When OPIC hosted some clients this spring for a discussion about private equity, we conducted a highly informal survey about the climate for fundraising today and the outlook for tomorrow.

The results were realistic but sobering. On a scale of one to five with one being “great” and five being “dismal,” half of the 10 guests who completed the survey ranked the current fundraising environment a four. More than one asked if they could write in six. When asked about their outlook for the fundraising environment with one being “very optimistic” and five being “very pessimistic,” no one answered one, while half of those surveyed answered either four or five.

The fill-in-the-blank question, “When do you anticipate the fundraising environment to improve?” produced 10 different responses, from 2013 to “gradually over 5 years” and the open-ended “once the European crisis is over.”

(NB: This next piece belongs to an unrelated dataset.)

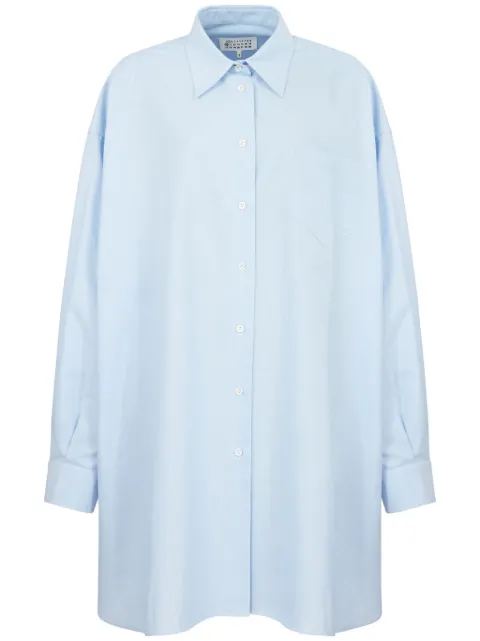 Maison Margiela drop-shoulder cotton shirt Blue S51DL0253S54750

While there is a strong consensus that the investing environment is tough, investors also recognize that the climate varies significantly from region to region, especially in the developing world. OPIC’s meeting was held the same week as the annual conference of the Emerging Markets Private Equity Association (EMPEA) in Washington DC, where Jay Koh, OPIC’s Head of Investment Funds and Chief Investment Strategist, moderated a panel with other investors who shed some more light on the current constrained climate and how that was playing out in different industry sectors and different geographic regions, and identified pockets of strength from Latin America to Sub-Saharan Africa and Southeast Asia.

Koh, whose Investment Funds Department provides one of the largest single sources of capital in emerging market private equity, has a highly detailed appreciation of investment trends across the developing world. He shared some of those insights – along with a lot of raw data –during a speech in April of this year at the Thunderbird Private Equity Conference in Glendale, Arizona, where he outlined why investors are increasingly looking to emerging markets.

Koh’s speech is excerpted below:

Keynote Address to the Thunderbird Private Equity Conference

OPIC has been involved in emerging markets private equity since 1987, and currently runs an active portfolio of $2.5 billion across 36 active funds, making us one of the largest and longest standing single sources of capital in emerging markets private equity. As the United States’s development finance institution, OPIC has been supporting development and U.S. foreign policy across emerging markets since 1971 on a self-sustaining basis, generating positive returns for the U.S. taxpayer.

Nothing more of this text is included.